Repeat the data word for word. Do not include the pictures.

● **Input data**:
BEGIN

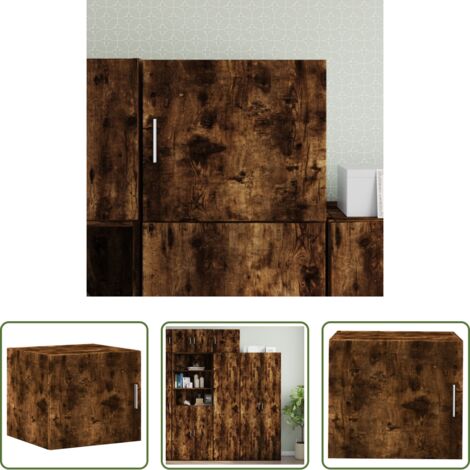 vidaXL Armadio a parete -  Mobile a Parete Rovere Fumo 45x42,5x40 cm in Legno Multistrato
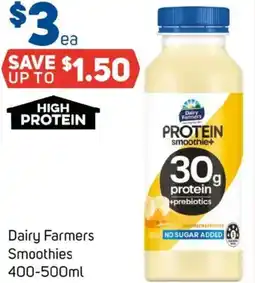 Foodland Dairy Farmers Smoothies offer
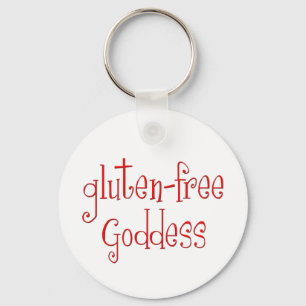 Gluten Free Goddess Keychain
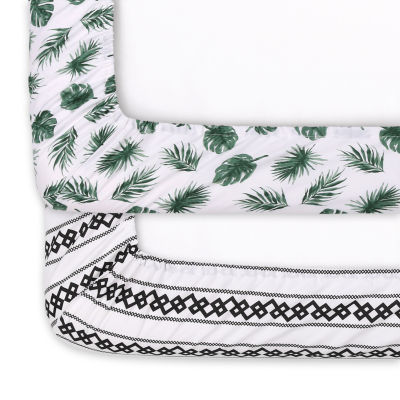 The Peanutshell Botanical 2-pc. Crib Sheet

END

● **Problem solution**:
 vidaXL Armadio a parete -  Mobile a Parete Rovere Fumo 45x42,5x40 cm in Legno Multistrato
 Foodland Dairy Farmers Smoothies offer
 Gluten Free Goddess Keychain
 The Peanutshell Botanical 2-pc. Crib Sheet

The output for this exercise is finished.